What's the catch for the CEF to pay about 1% higher yields than the OEF's?

I have money in SNTIX. I picked it because it is rated as one of the lower risk tax free OEF's. But it is only yielding about 4%. Is there a catch go moving to a CEF, such as more risk or ??
 
Sorry, should have been more specific.......

What's the catch for the CEF to pay about 1% higher yields than the OEF's?

I have money in SNTIX. I picked it because it is rated as one of the lower risk tax free OEF's. But it is only yielding about 4%. Is there a catch go moving to a CEF, such as more risk or ??

Not a catch, but one possible explanation of the higher yield on the CEF's is that they are selling at discounts to their net aset value--close to historic high discounts right now.
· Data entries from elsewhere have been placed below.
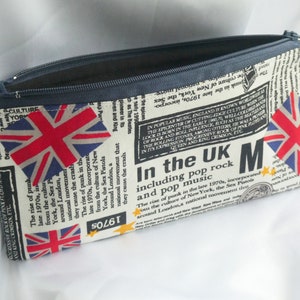 Sac à main zippé Union Jack, étui à crayons stationnaire dart marine noir, pochette de rangement zippée, pochette de sac à main zippée musicale britannique des années 1970, pochette de voyage image 1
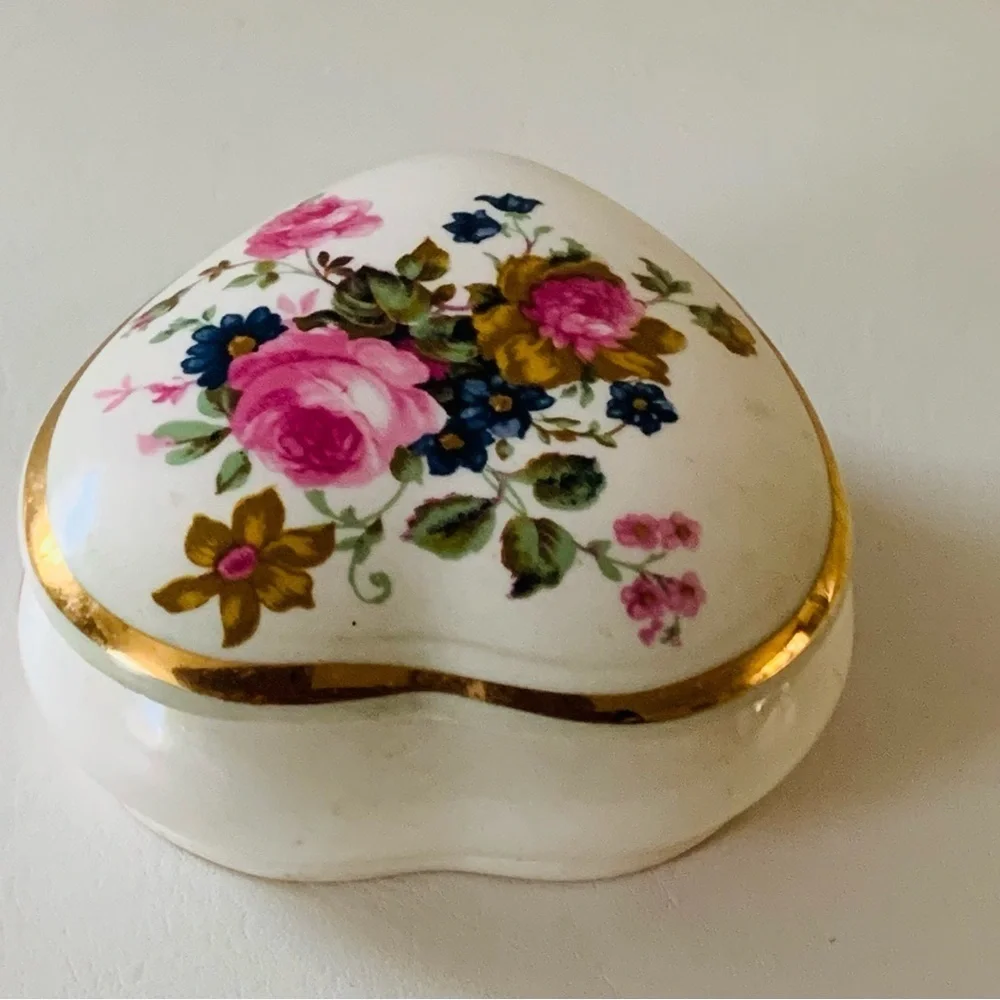 Palissy Trinket box from England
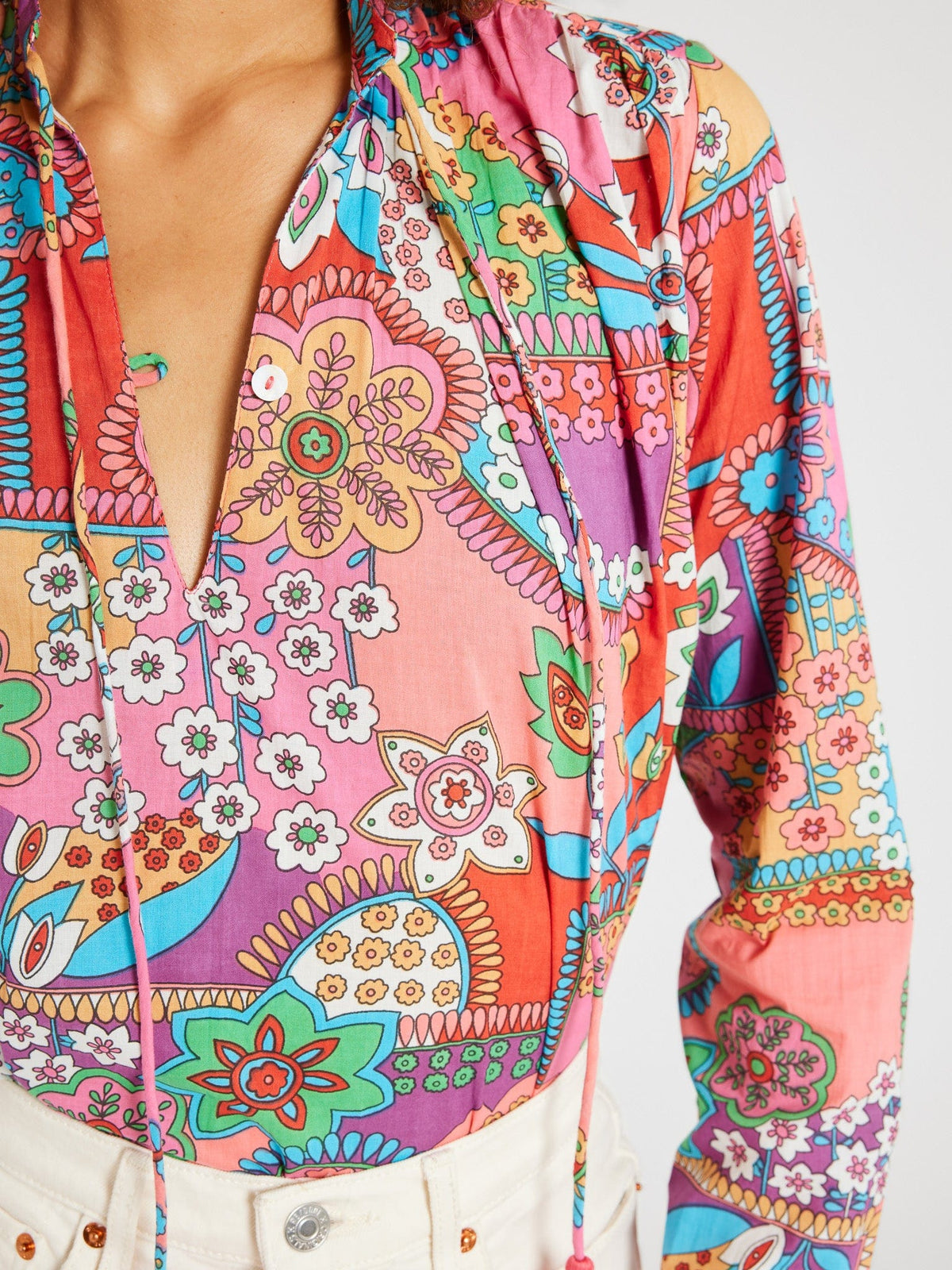 Joni Top in Shangri-La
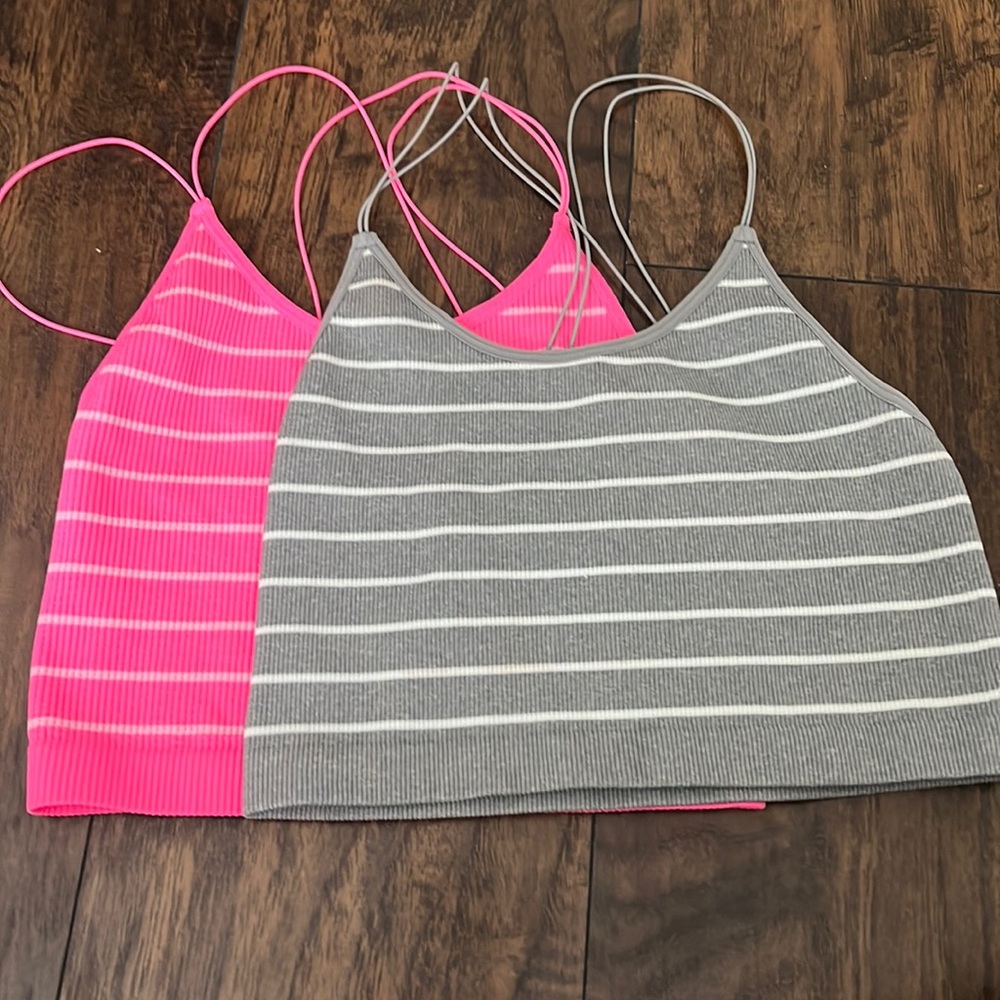 No boundaries small tank top bundle of two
The discounts widened this summer as the credit markets had their turmoil.
 
The December issue of Smart Money column, Streetsmart Strategies, disusses them and opines on CEF's "the babies were thrown out with the bathwater" (page 40, 12/07 Smart Money mag).
 
oh, I see what you mean - I think like Robert said part of the reason is the share prices are below the NAV - of the 4 I own the discount ranges from about 2-9%

NUV NXP NXR NXQ
 
oh, I see what you mean - I think like Robert said part of the reason is the share prices are below the NAV - of the 4 I own the discount ranges from about 2-9%

NUV NXP NXR NXQ

Thanks Danny, I'll check those out. An extra 1% would be meaningful.

Edited: OK, took a quick look. Duration is significantly longer so one catch would be higher volitility with interest rate swings. That might not be a good thing since I'll be selling my tax free funds in a year or so once deferred comp ends and I'm living on portfolio withdrawals (future lower tax bracket). But, more research needed. Thanks for mentioning this.